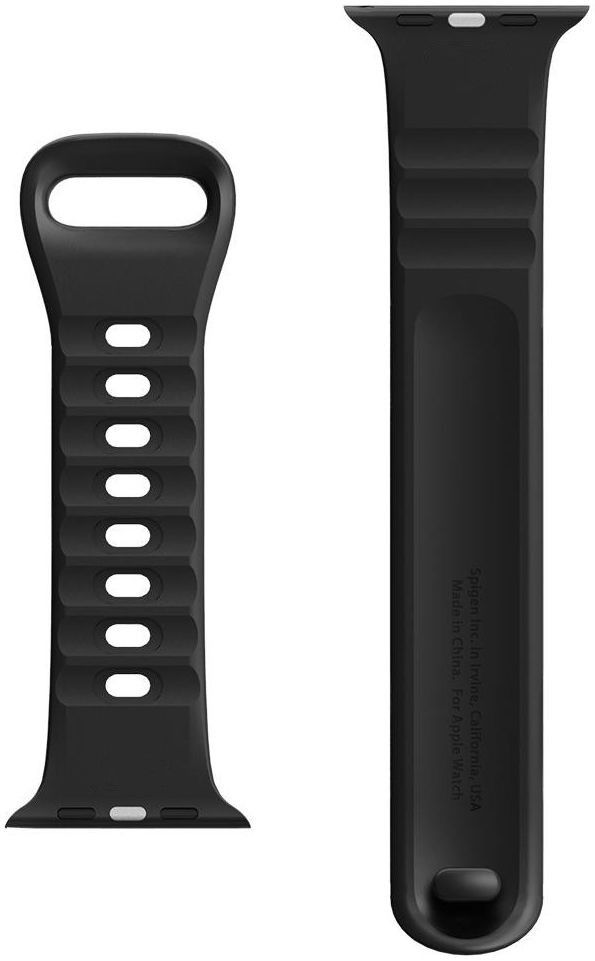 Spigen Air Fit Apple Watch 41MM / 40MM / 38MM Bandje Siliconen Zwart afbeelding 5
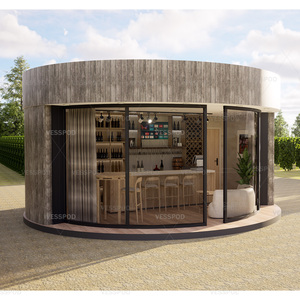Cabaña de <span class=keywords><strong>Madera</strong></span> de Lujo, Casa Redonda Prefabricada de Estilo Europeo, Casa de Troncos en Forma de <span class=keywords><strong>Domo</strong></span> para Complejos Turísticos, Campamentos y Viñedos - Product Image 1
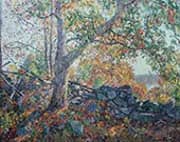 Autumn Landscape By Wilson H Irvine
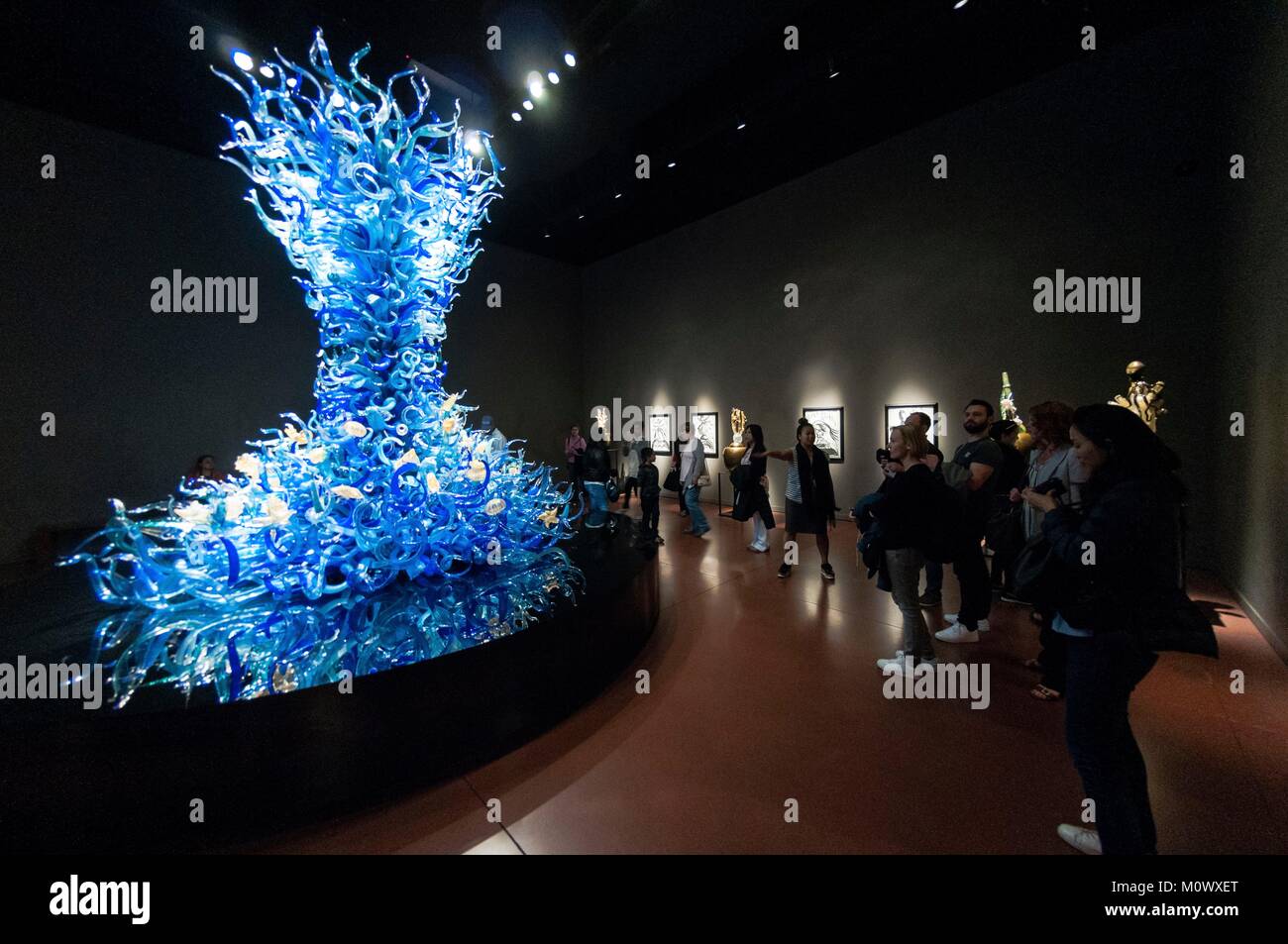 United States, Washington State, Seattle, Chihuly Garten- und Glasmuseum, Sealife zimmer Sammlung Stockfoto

━━━━━━

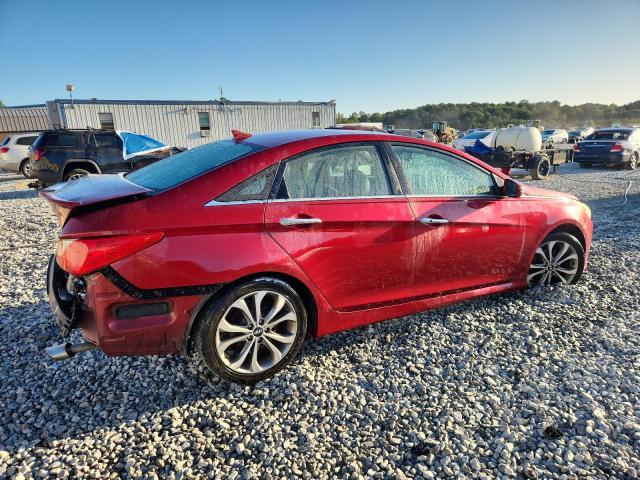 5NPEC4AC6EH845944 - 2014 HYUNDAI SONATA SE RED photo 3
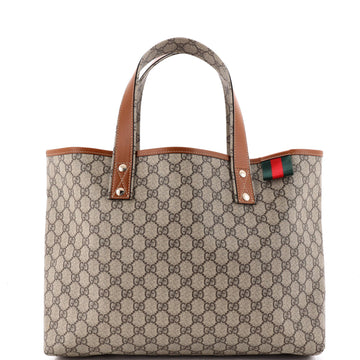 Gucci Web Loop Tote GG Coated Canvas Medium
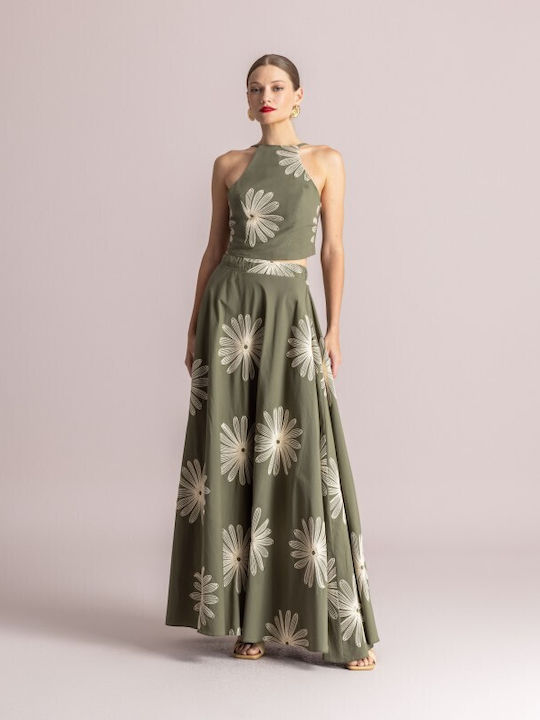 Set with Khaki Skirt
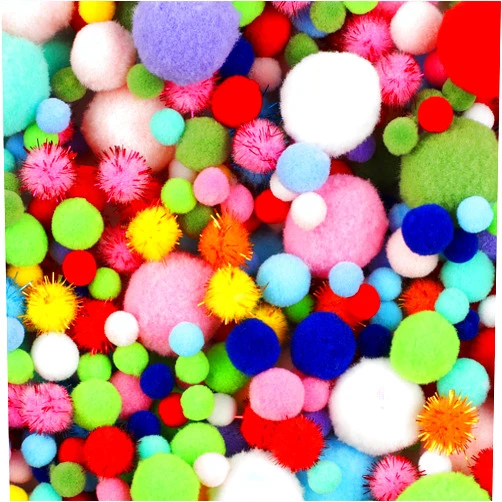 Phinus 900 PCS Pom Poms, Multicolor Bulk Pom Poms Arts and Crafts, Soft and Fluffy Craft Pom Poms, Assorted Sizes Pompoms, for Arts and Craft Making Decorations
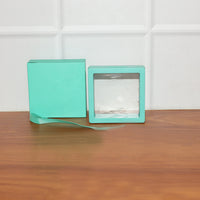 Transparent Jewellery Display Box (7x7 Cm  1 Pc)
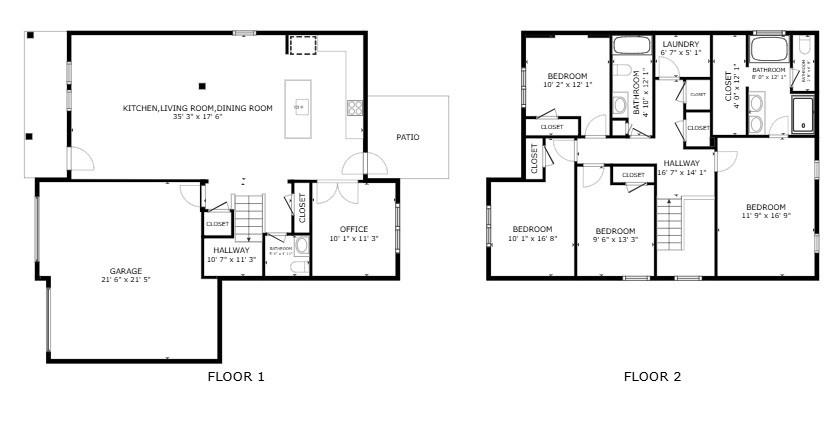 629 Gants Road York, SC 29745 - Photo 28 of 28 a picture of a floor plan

━━━━━━

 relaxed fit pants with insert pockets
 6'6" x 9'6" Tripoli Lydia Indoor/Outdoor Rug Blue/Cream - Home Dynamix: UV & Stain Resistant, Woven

━━━━━━

What you should do:
Each line above from the one containing "Phinus 900 PCS" through the one containing "629 Gants Road" is to be returned verbatim. Nothing else, and no pictures.

Result for this task:
 Phinus 900 PCS Pom Poms, Multicolor Bulk Pom Poms Arts and Crafts, Soft and Fluffy Craft Pom Poms, Assorted Sizes Pompoms, for Arts and Craft Making Decorations
 Transparent Jewellery Display Box (7x7 Cm  1 Pc)
 629 Gants Road York, SC 29745 - Photo 28 of 28 a picture of a floor plan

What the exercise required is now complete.